Supplied information Block Start
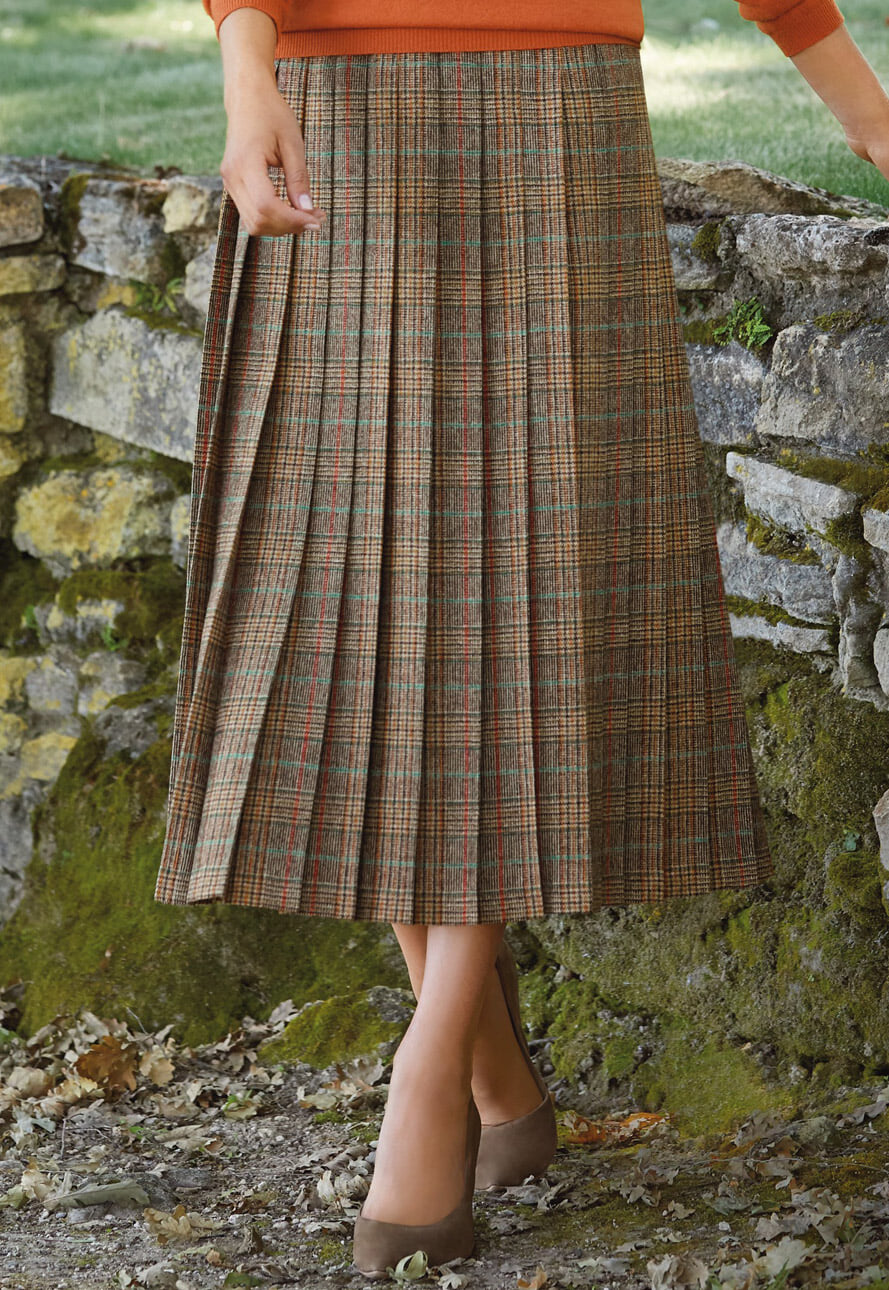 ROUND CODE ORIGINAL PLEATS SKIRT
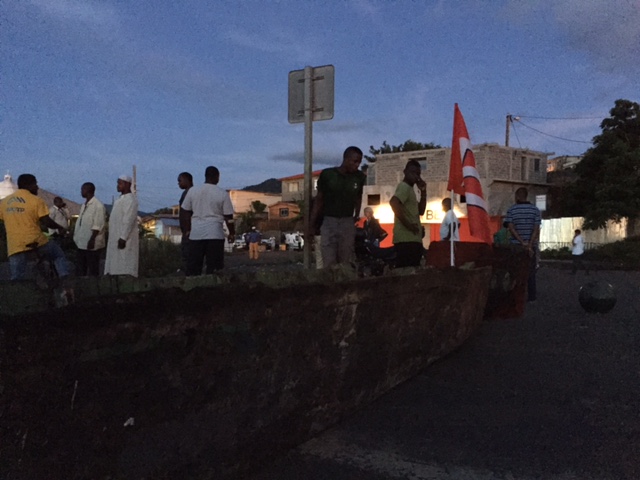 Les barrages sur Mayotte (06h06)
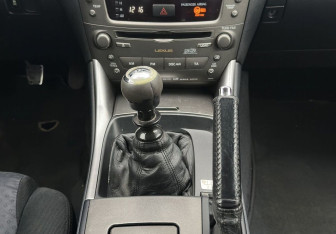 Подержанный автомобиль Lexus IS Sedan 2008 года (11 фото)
Supplied information Block End
### Task directions
A word-for-word copy of the listing is needed, with no pictures in it.

### Result
 ROUND CODE ORIGINAL PLEATS SKIRT
 Les barrages sur Mayotte (06h06)
 Подержанный автомобиль Lexus IS Sedan 2008 года (11 фото)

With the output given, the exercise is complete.